Mei-mei Berssenbrugge is the author of fourteen books of poetry, most recently, A Treatise on Stars (New Directions) and Hello, the Roses (New Directions), which has been translated into Swedish by Ana Jaderland.  She received Bollingen Prize in 2021 and was short-listed for the National Book Award and the Pulitzer Prize.  She has collaborated with artists in visual arts, theater, music and dance.  She lives in northern New Mexico.

Joseph Bruchac is an enrolled member of the Nulhegan Abenaki Nation. Author of over 170 books in several genres, his poems, essays, and stories have appeared in hundreds of anthologies and magazines ranging from Akwesasne Notes and Parabola to the Paris Review and National Geographic. His books of poetry include: Ndakinna/Our Land, Nisnol Siboal/Two Rivers, and Four Directions, New and Recollected Poems.

Cheryl J. Fish is an environmental justice scholar, poet, and fiction writer. Her new book of poem and photographs, THE SAUNA IS FULL OF MAIDS, celebrates Finnish sauna culture, travel, and friendships. She has published essays on resistance to extractivism in Sápmi, focused on the work of Sami filmmakers and photographers. Fish has been a writer-in-residence at KulttuuriKauppila in Ii, Finland, and was Fulbright professor at University of Tampere. Her collection of poetry, Crater & Tower, addresses trauma, ecology, and aftermaths at Mount St. Helens Volcano and the World Trade Center since 9-11-01. She is professor of English at BMCC/City University of New York, and docent lecturer in the Dept. of Cultures at University of Helsinki.

Juan Carlos Galeano is a poet, essayist and filmmaker born in the Amazon region of Colombia. He has published several books of poetry and has translated the works of North American poets into Spanish. Over a decade of fieldwork on symbolic narratives of riverine and forest people in the Amazon basin resulted in his production of a comprehensive collection of storytelling (Folktales of the Amazon, ABC-CLIO, 2009) translated into several languages, the documentary film (The Trees Have a Mother, Films for the Humanities and Sciences, 2009), and most recently, last summer, El Río, 2018. His poetry inspired by Amazonian cosmologies and the modern world has been anthologized and published in international journals.

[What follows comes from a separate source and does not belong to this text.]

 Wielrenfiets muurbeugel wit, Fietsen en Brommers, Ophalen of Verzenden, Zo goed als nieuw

Hanna Ellen Guttorm, is widely interested in life and its possibilities on our planet. She is especially inspired by Indigenous ontologies, post theories, and nomadic, autoethnographic writing, with which she investigates–especially in the context of the Sámi society and her own roots–how we could do and write research in order to make a change towards a more ecological, social and cultural sustainability and solidarity possible. Currently she works as senior researcher in Indigenous Studies at the University of Helsinki, also affiliated to HELSUS (Helsinki Institute of Sustainability Studies).

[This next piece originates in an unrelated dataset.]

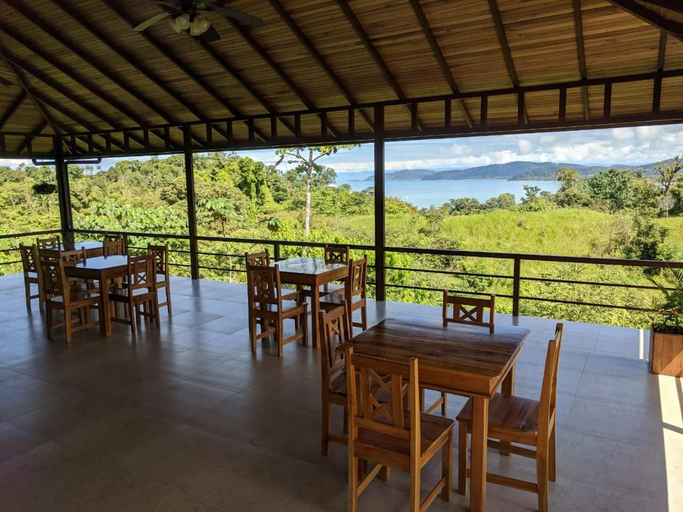 Food & Drinks 5, Drake Bay Greenleaf, Osa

Mary Newell authored the chapbooks TILT/ HOVER/ VEER (Codhill Press 2019) and Re-SURGE  (Trainwreck Press 2021), poems in journals and anthologies, and essays including “When Poetry Rivers” (Interim journal). She is co-editor of Poetics for the More-than-Human-World: An Anthology of Poetry and Commentary and the forthcoming (2022) Routledge Companion to Ecopoetics.